Stories such as these describe European visits to Japan, as does Wonderful Fool, a secular version of the same tale: a saintly French goof called Gaston Bonaparte visits Japan, falls in with all the wrong people, and is humiliated by a gangster called, ha-ha, Endo. But sometimes the drift goes the other way. In The Samurai, a group of Japanese missionaries tours Europe and returns disillusioned. Endo drew attention to the autobiographical element here, relating the historical mission to his own post-war journey.

One of the new stories updates that odyssey by describing a group of Japanese tourists in Warsaw. All the predictable jokes are there - the way they stick together and aim their cameras, their one-track appetite for go-go bars. But Endo (who has himself led tour groups along the Thames, singing merry Japanese boating songs) surveys the scene with compassion, not scorn.

And he sticks a dart into the consciousness of his modern travellers by telling the story of Father Kolbe. The men shrug, and say they never had much truck with those 'Amen fellows' anyway. One of them recalls, with a stab of shame, having met the monk once; but this doesn't stop him going ahead with his long-desired assignation. The prostitute leads him up to her flat, and there, beside the Madonna, is a picture of the priest.

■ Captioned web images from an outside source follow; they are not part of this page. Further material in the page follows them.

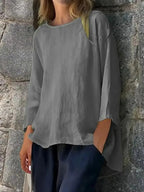 Plus size women's relaxed fit round neck blouse from Plush Fashion Hub, soft stretch casual shirt with a comfortable fit.
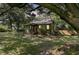 Charming home with mature shade trees and a red front door in a well-maintained yard at 1730 Harrison Ave, Charleston, SC 29407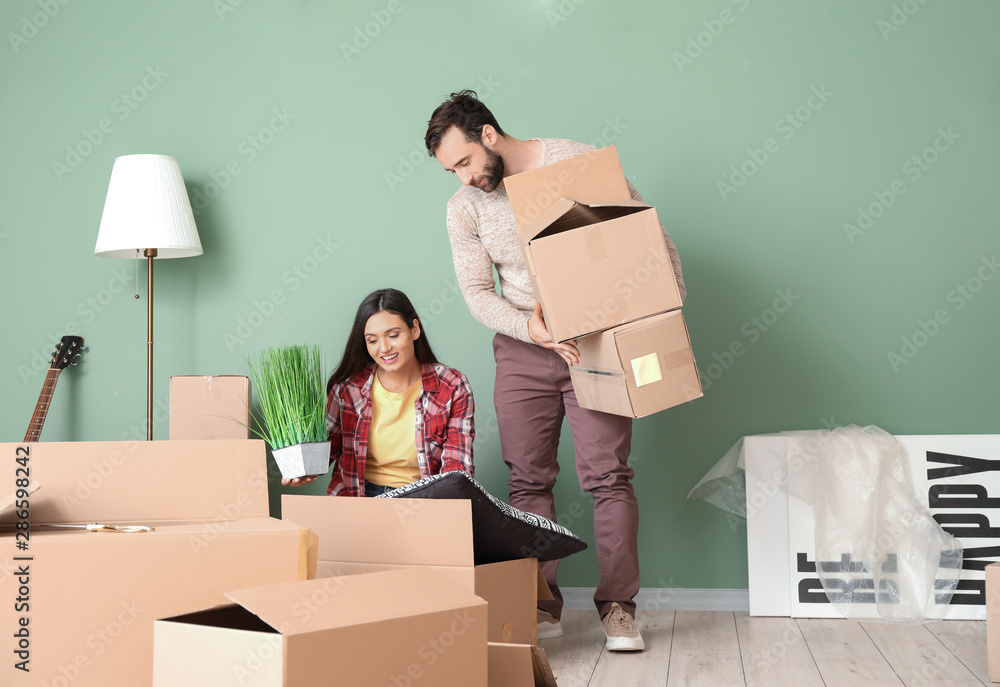 Young couple unpacking things after moving into new house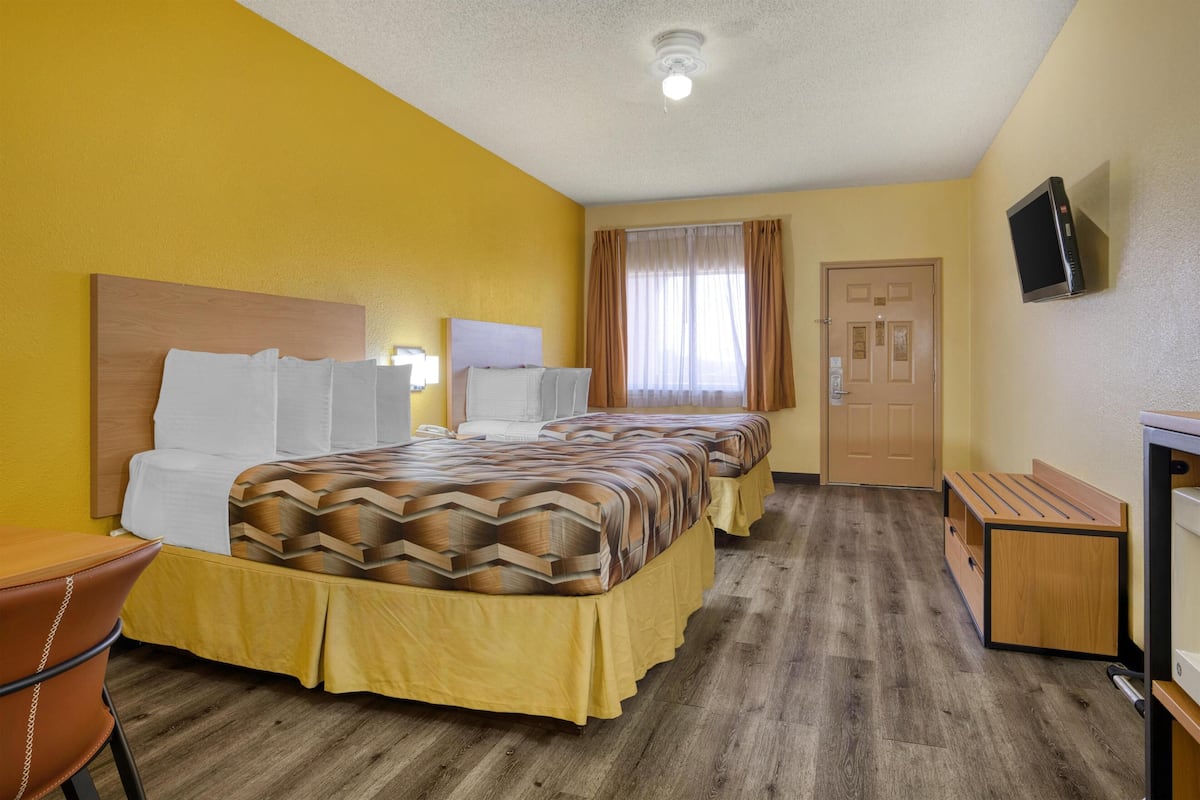 A hotel room with two beds, a desk, a chair, a television, and a door.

This see-sawing between new and old stories is more than just a neat modern trick. Endo is not interested in seeing whether we can join the dots. For one thing, it's too easy. Whole paragraphs from Scandal, Endo's brilliant Jekyll-and-Hyde novel about the sexual rambles of the author's uncontrollable alter ego, reappear in this new volume. And the double hero of Scandal, Suguro, is also Dr Suguro, whose life as a torturer of American prisoners of war is revealed in The Sea and Poison. And there is another Suguro in 'A Forty-year-old Man', the first of three touching exercises in pathos - the others tickle the traumas of 50 and 60.

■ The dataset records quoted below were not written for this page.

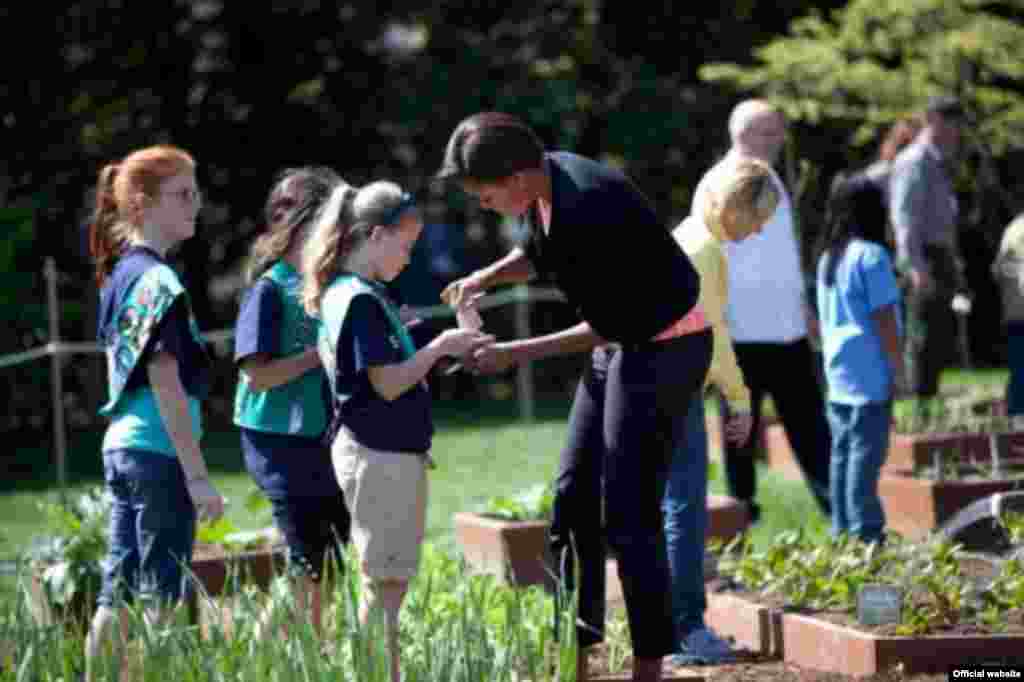 La primera dama Michelle Obama y las niñas del Escuadron 60325 de Girls Scout, de Fairport, Nueva York deciden cuales son las primeras semillas que van a sembrar. (Foto oficial de la Casa Blanca de Sonya N. Hebert)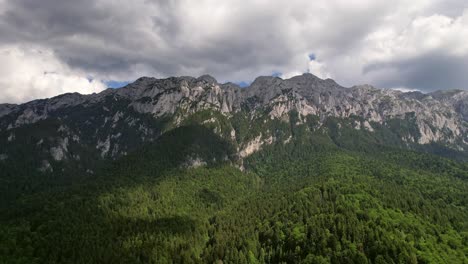 Lush-forest-at-the-base-of-the-towering-Piatra-Craiului-Mountains,-clouds-casting-shadows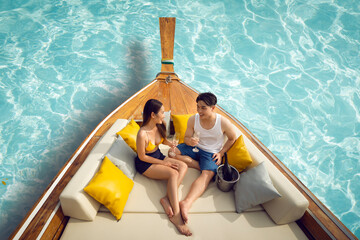 Asian couple lover travel and relax in they honeymoon trip on the wooded boat - 562637230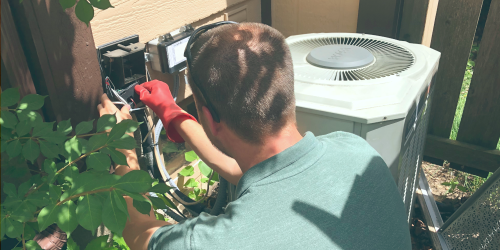 man installing AC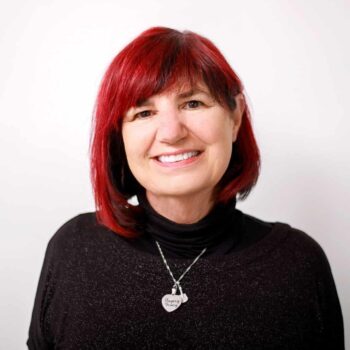 author photo Gail Taylor Black sweater silver necklace, red hair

Over and over, Endo places an incarnation of himself alongside some riveting historical episode, and steps back to see how he is shaping up.

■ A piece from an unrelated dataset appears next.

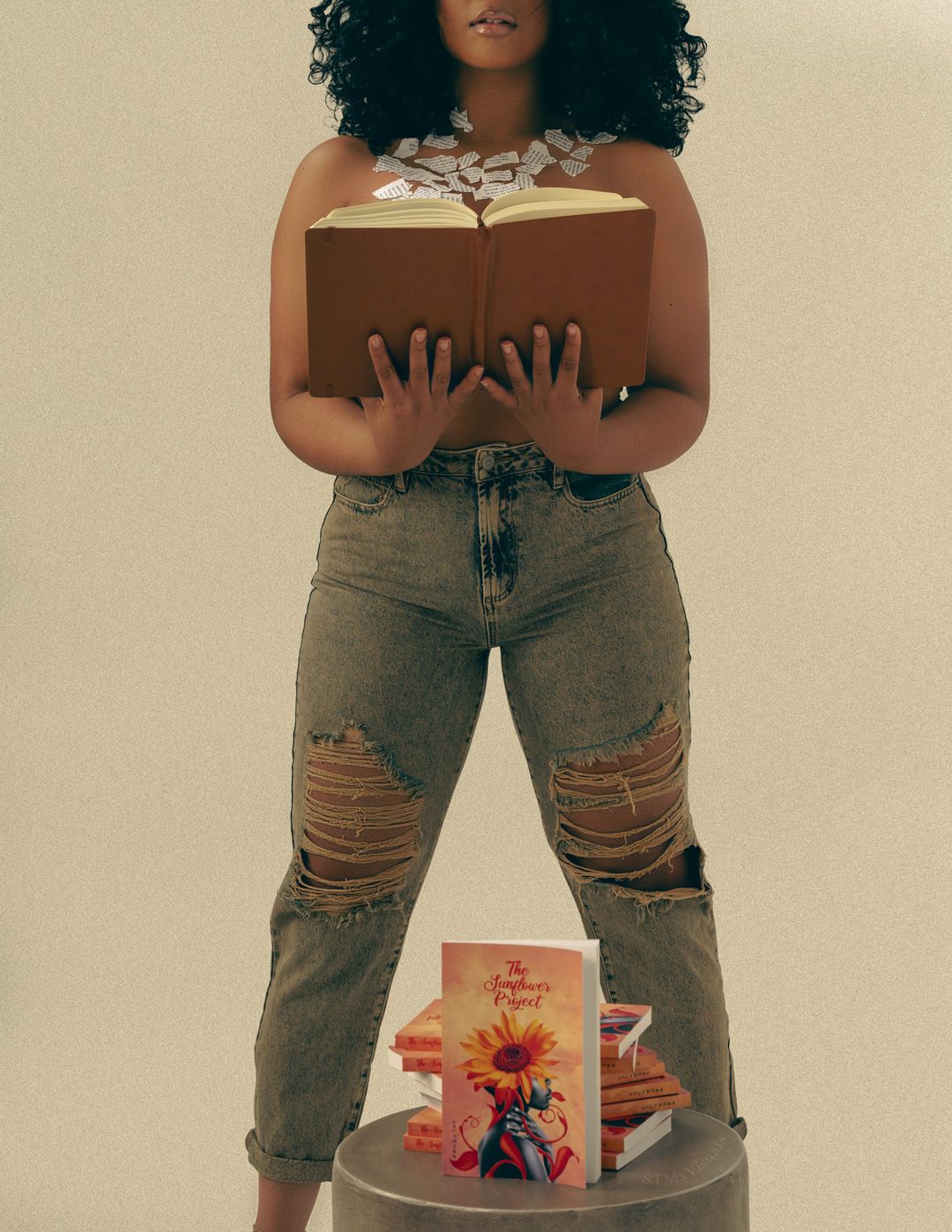 Person in distressed jeans holding colorful art book against beige wall.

Throughout his remarkable and growing library, references to the same events - the operation to remove a lung, the death of a brother, the adventure of a dog - recur. Endo is especially fond of animals. One of his ageing writer-figures buys a myna bird, puts it in a cage, and urges it to talk, for all the world as if it were a defiant priest staring out through the bars of a prison or the gridwork of a confessional. 'Come on] Good morning. Say Good morning]' The bird gazes back with doleful, trapped eyes, which resemble the eyes of all the hapless dogs in Endo's fiction, which in turn resemble the pained and sorrowful eyes of Christ.

The most seductive aspect of all this remarkable and steady artistry is that it has been placed not in the service of a smart self-consciousness - Endo is no Philip Roth - but as part of a theological debate. It isn't easy, when you are playing video-age identity games, to ponder big questions about sacrifice, faith and God. Yet it doesn't matter a damn if these are words we sometimes find hard to swallow. Endo has put a beautiful frame around a baffled inquiry into what happens when East meets West. A spoonful of Suguro makes the medicine go down a treat.